DI DANIELE PACIFICO, Economista presso il Dipartimento Lavoro e Affari Sociali dell’OCSE

L’assegno unico rende più semplice e inclusivo il sistema di welfare. Il sostegno ai figli aumenterà per la maggior parte delle famiglie italiane, soprattutto per quelle oggi poco tutelate. E per i pochi che perdono, la misura si può ancora migliorare.

Cosa cambia con l’assegno unico e universale

L’assegno unico e universale (Auu) che entrerà in vigore a marzo 2022 rappresenta una piccola rivoluzione per il sistema di protezione italiano. L’obiettivo, ambizioso, è di razionalizzare il sistema di supporto alle famiglie con figli, finora caratterizzato da una molteplicità di interventi poco coerenti tra loro accumulatisi nel corso degli anni. Per esempio, le detrazioni Irpef per figli a carico decrescono al crescere del reddito imponibile individuale, ma, poiché non sono rimborsabili, non raggiungono i lavoratori incapienti, ovvero coloro che ne avrebbero maggiore necessità. Gli assegni al nucleo familiare (Anf) vanno anche agli incapienti, ma interessano principalmente le famiglie di dipendenti. Vengono quindi esclusi i disoccupati di lungo periodo e le famiglie di lavoratori autonomi. Il sistema attuale è inoltre poco generoso verso molte famiglie di lavoratori “atipici” (per esempio gli stagionali), in quanto sia gli Anf che le detrazioni Irpef sono pagati per i soli giorni effettivi di lavoro: danno dunque poco sostegno ai genitori con carriere discontinue o intermittenti.

Il nuovo assegno unico e universale sostituisce gli Anf, le detrazioni Irpef per figli a carico (sotto i 22 anni) e altre quattro misure (l’assegno per le famiglie numerose, il bonus bebè, il premio alla nascita, il fondo natalità per le garanzie sui prestiti). Rimane invece il bonus nido, mentre per i figli a carico sopra i 21 anni viene mantenuto il sistema di aiuti attuale (incluse le detrazioni Irpef per figli a carico).

La struttura del nuovo Auu è relativamente semplice: l’assegno è massimo per le famiglie con un basso Indicatore della situazione economica equivalente (Isee) e decresce oltre una certa soglia Isee fino a un minimo corrisposto a tutte le famiglie, indipendentemente dal loro livello di reddito e patrimonio. Un sistema di maggiorazioni fornisce ulteriore sostegno a particolari tipologie familiari, come ad esempio quelle con più di due figli, con figli disabili o famiglie dove entrambi i genitori lavorano. Una tabella riassuntiva degli importi e delle maggiorazioni è disponibile in un recente articolo di Avvenire.

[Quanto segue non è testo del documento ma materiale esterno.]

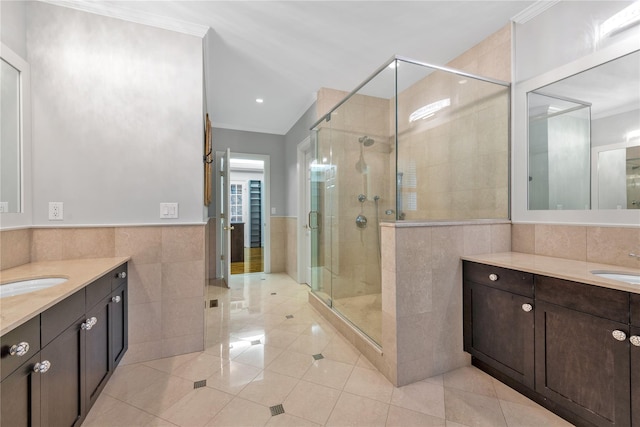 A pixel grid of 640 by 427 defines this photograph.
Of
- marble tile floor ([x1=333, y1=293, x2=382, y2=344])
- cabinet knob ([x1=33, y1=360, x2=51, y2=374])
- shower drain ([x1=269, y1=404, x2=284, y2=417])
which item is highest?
cabinet knob ([x1=33, y1=360, x2=51, y2=374])

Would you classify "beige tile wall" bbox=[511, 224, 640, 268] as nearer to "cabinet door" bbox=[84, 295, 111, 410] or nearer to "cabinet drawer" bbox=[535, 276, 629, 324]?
"cabinet drawer" bbox=[535, 276, 629, 324]

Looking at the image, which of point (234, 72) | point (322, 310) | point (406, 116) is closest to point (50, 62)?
point (234, 72)

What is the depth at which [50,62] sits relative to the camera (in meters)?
1.83

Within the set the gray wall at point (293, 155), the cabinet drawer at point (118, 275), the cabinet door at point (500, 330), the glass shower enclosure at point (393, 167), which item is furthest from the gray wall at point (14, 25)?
the cabinet door at point (500, 330)

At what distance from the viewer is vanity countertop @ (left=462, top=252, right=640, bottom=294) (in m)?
1.23

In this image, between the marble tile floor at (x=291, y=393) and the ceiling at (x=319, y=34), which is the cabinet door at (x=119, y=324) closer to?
the marble tile floor at (x=291, y=393)

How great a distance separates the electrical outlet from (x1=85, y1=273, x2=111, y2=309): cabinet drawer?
25.2 inches

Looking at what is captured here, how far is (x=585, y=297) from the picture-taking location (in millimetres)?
1315

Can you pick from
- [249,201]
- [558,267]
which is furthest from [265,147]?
[558,267]

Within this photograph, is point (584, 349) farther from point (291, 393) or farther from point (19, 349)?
point (19, 349)

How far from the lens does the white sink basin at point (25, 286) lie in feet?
4.38

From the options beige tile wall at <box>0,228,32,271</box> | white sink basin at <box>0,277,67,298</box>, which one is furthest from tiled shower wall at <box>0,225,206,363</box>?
white sink basin at <box>0,277,67,298</box>

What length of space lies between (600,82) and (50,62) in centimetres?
367

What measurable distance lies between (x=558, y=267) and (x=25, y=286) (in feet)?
9.73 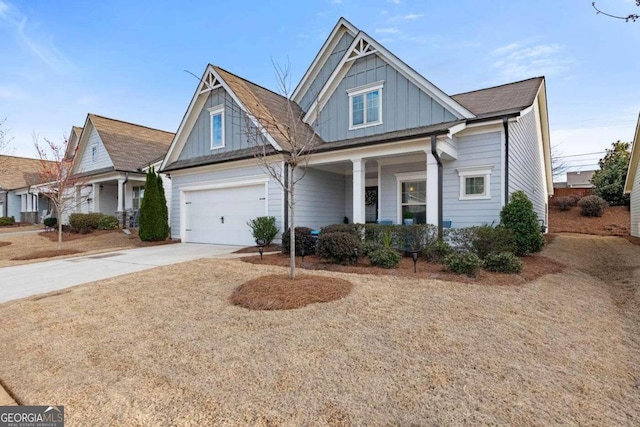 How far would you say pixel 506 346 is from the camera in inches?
142

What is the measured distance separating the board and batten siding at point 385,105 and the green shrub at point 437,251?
4157mm

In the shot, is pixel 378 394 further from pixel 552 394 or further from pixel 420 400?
pixel 552 394

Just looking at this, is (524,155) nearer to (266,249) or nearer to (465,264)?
(465,264)

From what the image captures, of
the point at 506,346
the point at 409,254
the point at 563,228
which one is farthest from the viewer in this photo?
the point at 563,228

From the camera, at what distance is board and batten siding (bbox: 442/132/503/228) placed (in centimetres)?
930

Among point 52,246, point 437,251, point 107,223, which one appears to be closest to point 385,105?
point 437,251

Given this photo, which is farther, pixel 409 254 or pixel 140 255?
pixel 140 255

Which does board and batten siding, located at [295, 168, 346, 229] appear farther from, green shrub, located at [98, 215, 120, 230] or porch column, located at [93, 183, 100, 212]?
porch column, located at [93, 183, 100, 212]

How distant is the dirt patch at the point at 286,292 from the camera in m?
5.00

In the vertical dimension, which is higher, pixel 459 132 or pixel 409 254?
pixel 459 132

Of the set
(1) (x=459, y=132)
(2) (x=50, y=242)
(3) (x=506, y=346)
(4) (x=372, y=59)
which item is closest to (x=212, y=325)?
(3) (x=506, y=346)

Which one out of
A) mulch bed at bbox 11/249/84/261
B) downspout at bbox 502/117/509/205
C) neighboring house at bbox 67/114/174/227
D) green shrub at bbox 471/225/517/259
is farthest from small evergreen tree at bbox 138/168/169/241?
downspout at bbox 502/117/509/205

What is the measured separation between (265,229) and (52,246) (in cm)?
1019

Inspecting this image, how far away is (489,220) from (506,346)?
21.3 ft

L’Auu ha una forte componente “universalistica”, dovuta non solo alla presenza di un importo minimo indipendente dalla situazione economica della famiglia, ma anche alla scelta di far iniziare la riduzione dell’importo massimo per valori molto alti rispetto alla retribuzione media lorda. Vedremo nel seguito come la componente universalistica potrebbe essere rimodulata per far fronte ad alcune possibili criticità del nuovo assegno (sullo stesso punto si veda anche il recente contributo di Francesco Figari e Carlo Florio).

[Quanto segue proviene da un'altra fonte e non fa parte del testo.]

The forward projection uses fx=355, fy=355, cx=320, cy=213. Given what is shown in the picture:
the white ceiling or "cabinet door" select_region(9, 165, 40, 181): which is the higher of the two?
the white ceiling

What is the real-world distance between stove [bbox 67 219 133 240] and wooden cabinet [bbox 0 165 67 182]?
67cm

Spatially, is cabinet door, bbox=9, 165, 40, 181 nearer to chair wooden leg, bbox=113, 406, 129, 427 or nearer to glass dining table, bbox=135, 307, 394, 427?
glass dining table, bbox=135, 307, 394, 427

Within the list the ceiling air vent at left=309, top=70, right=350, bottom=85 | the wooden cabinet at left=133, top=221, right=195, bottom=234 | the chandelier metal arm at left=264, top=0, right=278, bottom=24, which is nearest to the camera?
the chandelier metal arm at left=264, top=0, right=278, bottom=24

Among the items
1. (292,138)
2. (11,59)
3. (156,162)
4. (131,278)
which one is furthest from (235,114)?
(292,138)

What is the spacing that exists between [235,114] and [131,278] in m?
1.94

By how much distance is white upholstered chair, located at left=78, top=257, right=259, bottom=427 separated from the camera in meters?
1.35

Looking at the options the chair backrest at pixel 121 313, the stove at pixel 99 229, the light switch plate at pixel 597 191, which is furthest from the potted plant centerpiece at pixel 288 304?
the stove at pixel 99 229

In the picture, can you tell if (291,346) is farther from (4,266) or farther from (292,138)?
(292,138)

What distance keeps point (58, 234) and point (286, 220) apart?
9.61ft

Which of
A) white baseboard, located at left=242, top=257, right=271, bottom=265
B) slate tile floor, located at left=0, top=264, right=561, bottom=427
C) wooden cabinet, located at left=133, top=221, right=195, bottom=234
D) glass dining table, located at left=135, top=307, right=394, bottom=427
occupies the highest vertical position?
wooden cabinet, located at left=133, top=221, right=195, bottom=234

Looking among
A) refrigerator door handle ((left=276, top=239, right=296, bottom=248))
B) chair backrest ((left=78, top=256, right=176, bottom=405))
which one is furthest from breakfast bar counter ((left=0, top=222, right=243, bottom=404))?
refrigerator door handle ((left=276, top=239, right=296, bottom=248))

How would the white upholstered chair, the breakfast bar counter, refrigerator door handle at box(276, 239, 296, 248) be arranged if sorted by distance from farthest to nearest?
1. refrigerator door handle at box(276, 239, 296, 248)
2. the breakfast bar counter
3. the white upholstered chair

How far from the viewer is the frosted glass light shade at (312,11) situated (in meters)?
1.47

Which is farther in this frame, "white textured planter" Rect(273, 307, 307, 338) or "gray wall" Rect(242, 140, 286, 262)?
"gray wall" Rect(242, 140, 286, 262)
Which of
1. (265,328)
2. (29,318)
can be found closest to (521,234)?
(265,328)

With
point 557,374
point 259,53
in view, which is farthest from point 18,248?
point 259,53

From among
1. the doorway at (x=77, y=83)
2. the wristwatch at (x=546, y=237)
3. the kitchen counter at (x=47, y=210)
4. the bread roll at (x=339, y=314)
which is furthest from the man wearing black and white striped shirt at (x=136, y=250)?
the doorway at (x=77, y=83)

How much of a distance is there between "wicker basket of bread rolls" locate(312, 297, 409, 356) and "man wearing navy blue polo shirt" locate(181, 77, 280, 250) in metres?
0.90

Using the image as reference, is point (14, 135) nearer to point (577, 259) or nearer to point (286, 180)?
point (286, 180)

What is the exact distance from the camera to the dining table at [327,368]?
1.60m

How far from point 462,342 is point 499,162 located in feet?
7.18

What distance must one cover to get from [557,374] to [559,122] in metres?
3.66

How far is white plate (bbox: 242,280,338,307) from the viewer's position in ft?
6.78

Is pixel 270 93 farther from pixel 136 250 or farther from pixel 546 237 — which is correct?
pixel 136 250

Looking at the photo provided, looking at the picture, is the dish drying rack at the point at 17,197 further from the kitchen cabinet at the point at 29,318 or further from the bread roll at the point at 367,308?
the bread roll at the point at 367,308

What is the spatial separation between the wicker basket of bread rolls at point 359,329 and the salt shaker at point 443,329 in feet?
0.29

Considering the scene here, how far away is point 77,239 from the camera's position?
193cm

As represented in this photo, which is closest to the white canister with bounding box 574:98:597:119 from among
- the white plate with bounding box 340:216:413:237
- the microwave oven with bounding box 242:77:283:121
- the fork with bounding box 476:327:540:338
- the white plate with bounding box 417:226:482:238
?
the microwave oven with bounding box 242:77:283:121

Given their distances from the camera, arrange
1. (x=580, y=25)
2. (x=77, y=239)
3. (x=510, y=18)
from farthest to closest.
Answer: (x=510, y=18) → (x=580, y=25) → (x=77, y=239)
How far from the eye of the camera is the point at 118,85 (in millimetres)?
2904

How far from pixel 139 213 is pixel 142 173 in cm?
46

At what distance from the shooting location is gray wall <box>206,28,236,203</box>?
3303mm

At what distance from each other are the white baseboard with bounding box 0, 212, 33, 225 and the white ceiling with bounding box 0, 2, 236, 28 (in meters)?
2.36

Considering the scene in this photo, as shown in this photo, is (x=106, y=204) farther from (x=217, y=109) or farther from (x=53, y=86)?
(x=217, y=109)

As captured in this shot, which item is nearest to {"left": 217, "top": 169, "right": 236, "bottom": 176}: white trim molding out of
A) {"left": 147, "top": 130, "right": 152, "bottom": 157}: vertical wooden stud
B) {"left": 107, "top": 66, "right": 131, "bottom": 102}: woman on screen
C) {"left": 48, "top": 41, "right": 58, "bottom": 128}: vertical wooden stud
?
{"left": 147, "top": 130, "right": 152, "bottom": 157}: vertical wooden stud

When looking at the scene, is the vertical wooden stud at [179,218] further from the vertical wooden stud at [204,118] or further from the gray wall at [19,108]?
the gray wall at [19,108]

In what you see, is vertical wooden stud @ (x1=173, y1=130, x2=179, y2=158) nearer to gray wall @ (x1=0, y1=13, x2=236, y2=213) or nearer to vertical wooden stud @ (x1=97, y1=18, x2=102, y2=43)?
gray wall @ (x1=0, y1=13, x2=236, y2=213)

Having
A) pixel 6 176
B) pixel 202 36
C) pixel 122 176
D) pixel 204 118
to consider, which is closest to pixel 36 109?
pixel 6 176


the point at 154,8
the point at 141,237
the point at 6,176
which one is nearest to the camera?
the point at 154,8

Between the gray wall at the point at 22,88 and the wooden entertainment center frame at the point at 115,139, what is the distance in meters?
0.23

I calcoli per famiglie tipo

Per provare a capire chi guadagna e chi perde con l’entrata in vigore del nuovo sistema a regime, abbiamo impiegato il modello Tax-Benefit dell’Ocse (TaxBen) per calcolare la variazione del reddito disponibile di alcune famiglie ipotetiche che riceveranno il nuovo assegno. Il vantaggio del calcolatore TaxBen è di tenere in considerazione le articolate relazioni tra tutte le componenti del sistema di fiscale e di welfare italiano per un insieme molto ampio di famiglie tipo. Ciò è fondamentale quando si analizza una riforma così complessa che modifica molte parti del sistema vigente.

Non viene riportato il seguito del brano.